What you will do - Taking only the lines of the data below from the line with "沼野石 Numanoite(TL) 岡山県高梁市布賀鉱山" to the line with "Granulated Earrings", ends included, write them out exactly and without pictures.

Provided records -
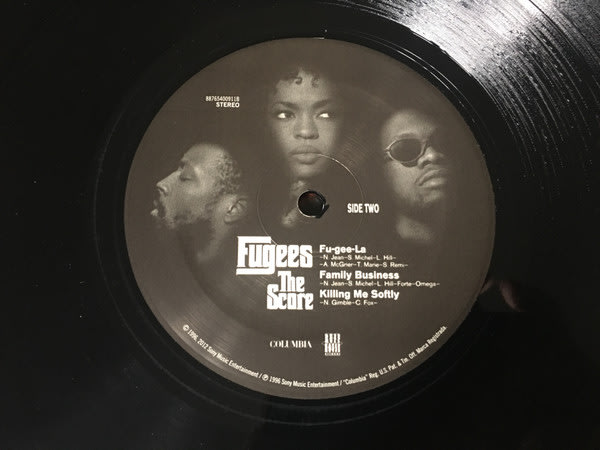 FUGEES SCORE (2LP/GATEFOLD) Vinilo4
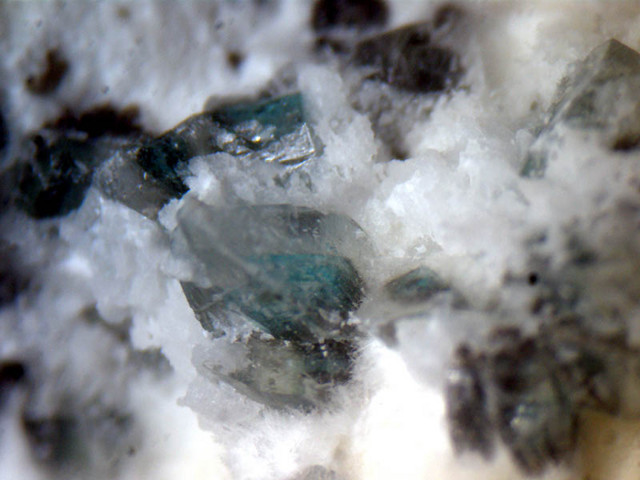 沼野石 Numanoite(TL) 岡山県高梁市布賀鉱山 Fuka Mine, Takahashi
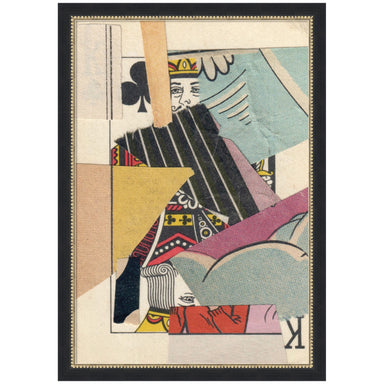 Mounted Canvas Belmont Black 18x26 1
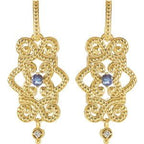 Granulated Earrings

--

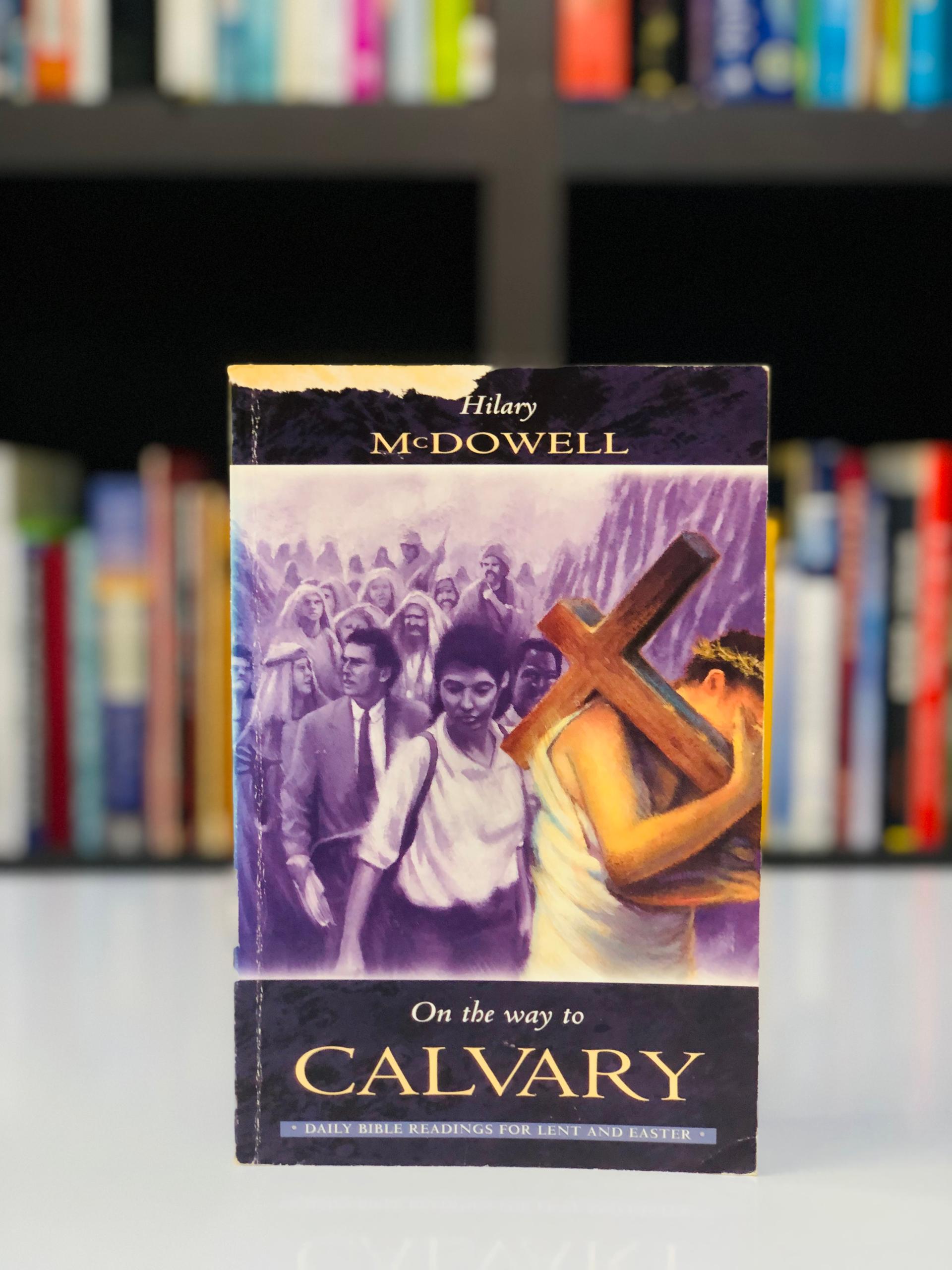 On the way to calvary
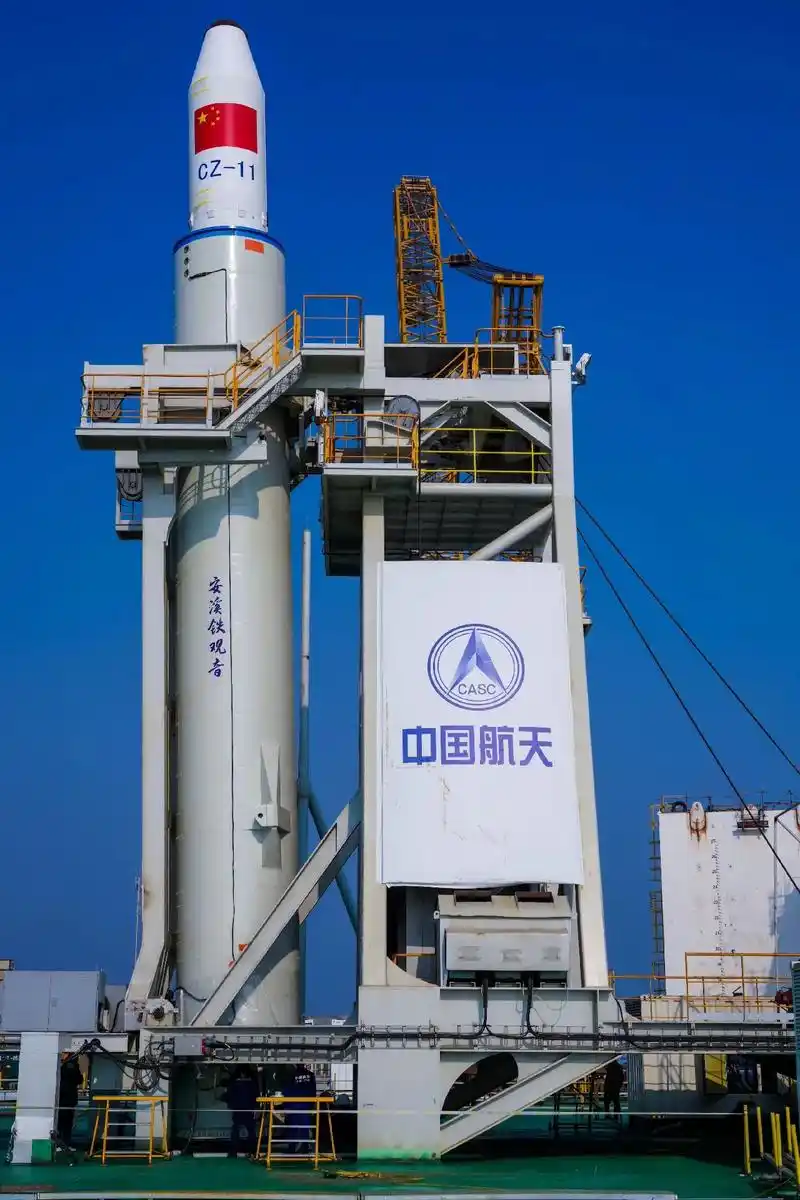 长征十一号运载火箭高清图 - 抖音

Exercise result -
 沼野石 Numanoite(TL) 岡山県高梁市布賀鉱山 Fuka Mine, Takahashi
 Mounted Canvas Belmont Black 18x26 1
 Granulated Earrings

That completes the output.